Records from a collection.
*-*-*
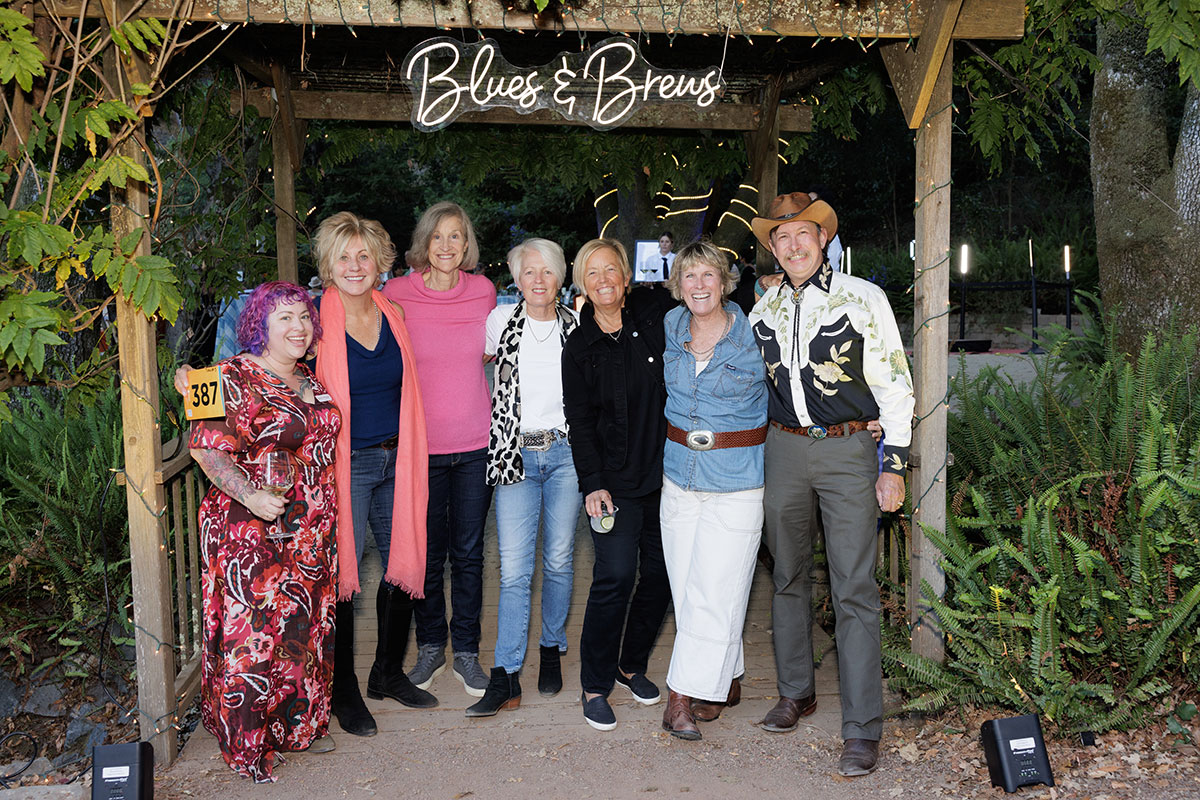 A group of people smiling and posing together in front of a large sign "Blues & Brews" , capturing a moment of camaraderie.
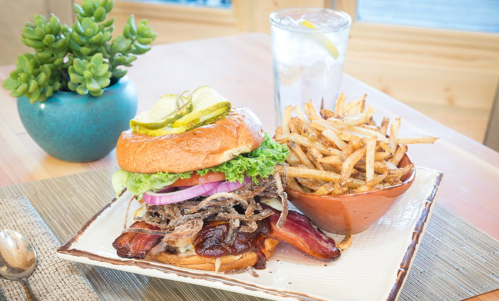 A delicious burger topped with lettuce, tomato, onion, and pickles, served with crispy fries and a drink.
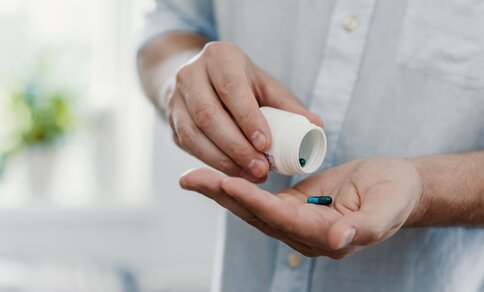 A close-up of a person wearing a light grey shirt, holding a small white medicine bottle and pouring tablets into their open hand.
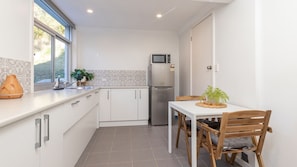 Cocina compacta con armarios blancos, refrigerador de acero inoxidable, microondas y una mesa de comedor con sillas.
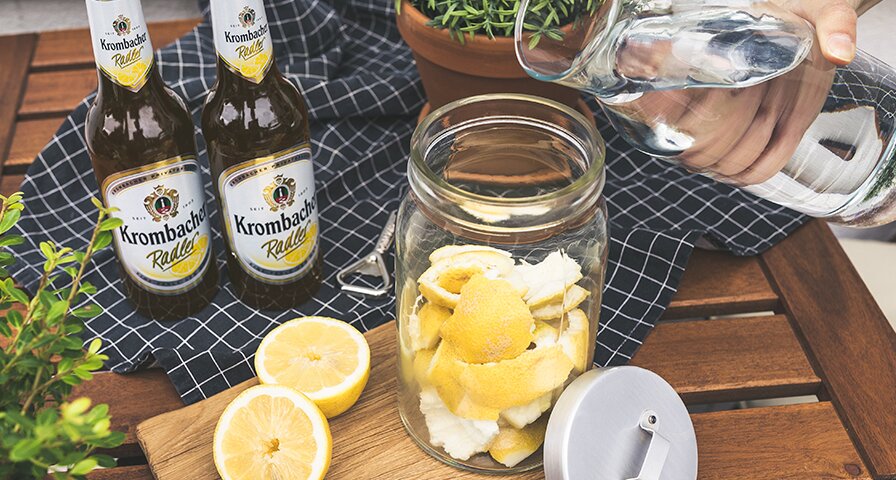 In ein Glas mit Zitronenschalen wird stilles Wasser reingeschüttet. Zwei Krombacher Radlerflaschen stehen auf dem Tisch.
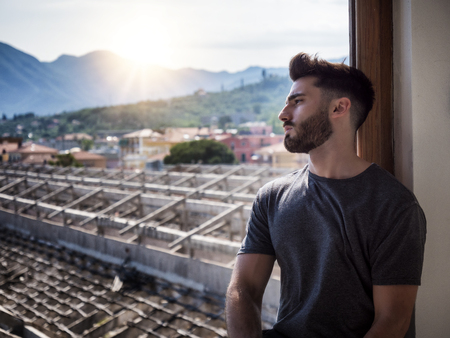 Handsome young man sitting by window, thoughtful and sad, in a summer day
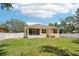 Spacious backyard with a screened in lanai and privacy fence at 9917 Prevatt St, Gibsonton, FL 33534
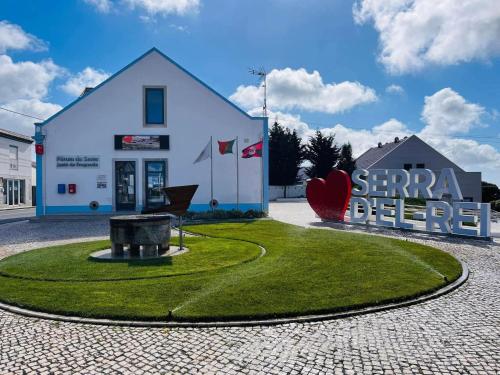 a white building with a sign in front of it at Marazul in Serra de El-Rei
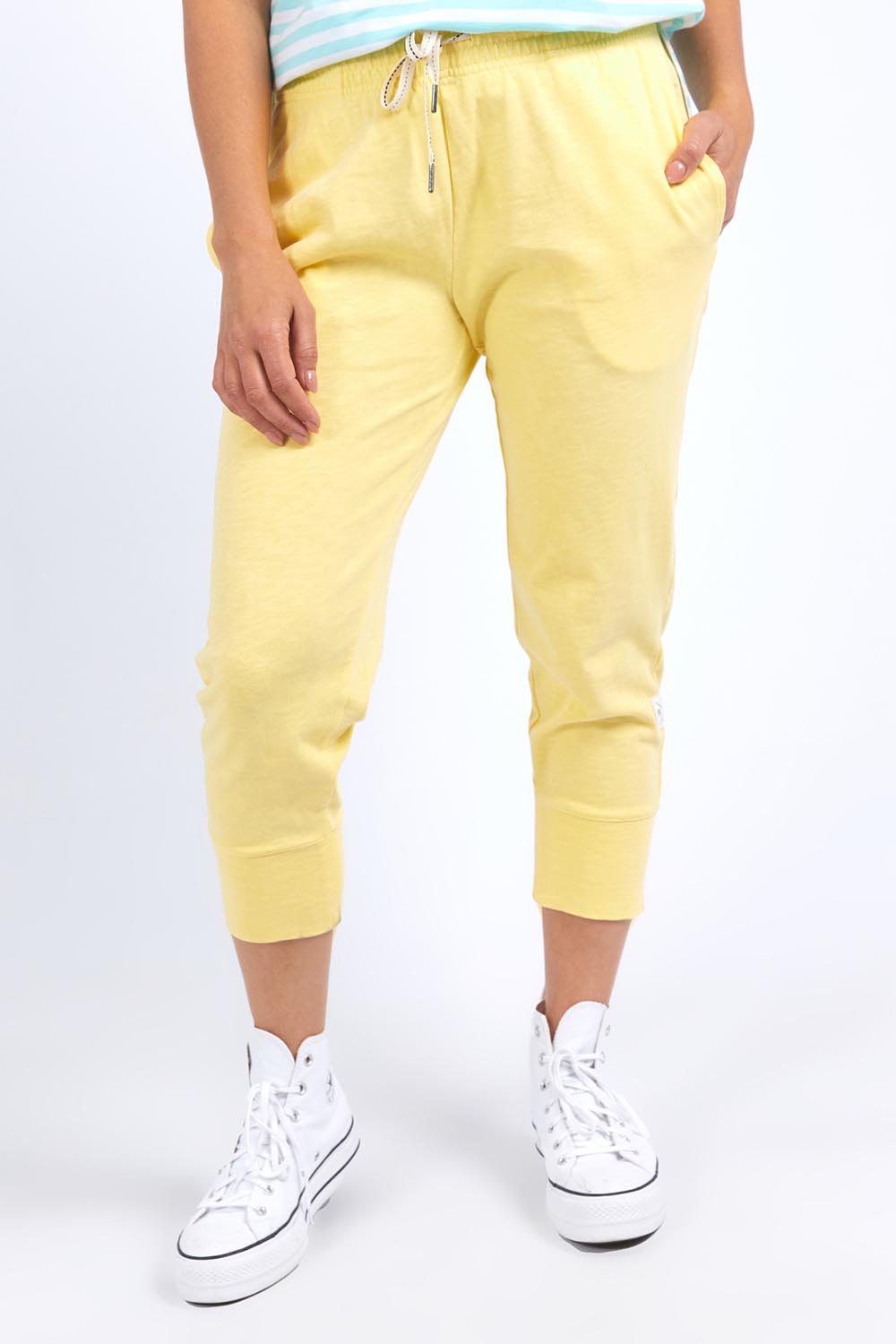 A model wearing the Fundamental Brunch Cotton Pant in colour Banana, from the front, cropped image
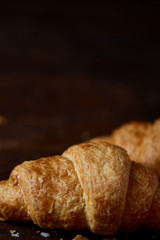Tasty buttery croissants on an old wooden table, close-up, selective focus, shallow depth of field.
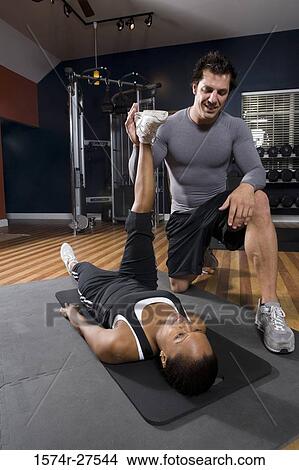 Trainer stretching leg of a young woman in the gym View Large Photo Image Picture - Trainer stretching leg of a young woman in the gym. Fotosearch
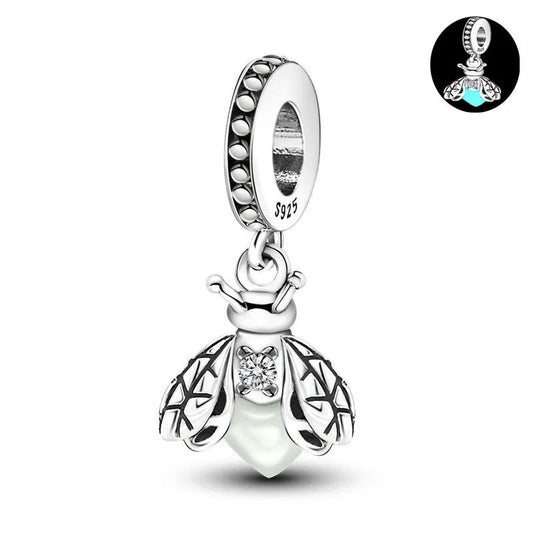 Sterling silver firefly charm with luminous enamel body and cubic zirconia.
*-*-*
Exercise goal.
What you return must match the lines above from the one with "A delicious burger" through the one with "Trainer stretching leg of a young woman in the gym View" exactly, with both ends included and the pictures excluded.

Response to the task.
 A delicious burger topped with lettuce, tomato, onion, and pickles, served with crispy fries and a drink.
 A close-up of a person wearing a light grey shirt, holding a small white medicine bottle and pouring tablets into their open hand.
 Cocina compacta con armarios blancos, refrigerador de acero inoxidable, microondas y una mesa de comedor con sillas.
 In ein Glas mit Zitronenschalen wird stilles Wasser reingeschüttet. Zwei Krombacher Radlerflaschen stehen auf dem Tisch.
 Handsome young man sitting by window, thoughtful and sad, in a summer day
 Spacious backyard with a screened in lanai and privacy fence at 9917 Prevatt St, Gibsonton, FL 33534
 a white building with a sign in front of it at Marazul in Serra de El-Rei
 A model wearing the Fundamental Brunch Cotton Pant in colour Banana, from the front, cropped image
Tasty buttery croissants on an old wooden table, close-up, selective focus, shallow depth of field.
 Trainer stretching leg of a young woman in the gym View Large Photo Image Picture - Trainer stretching leg of a young woman in the gym. Fotosearch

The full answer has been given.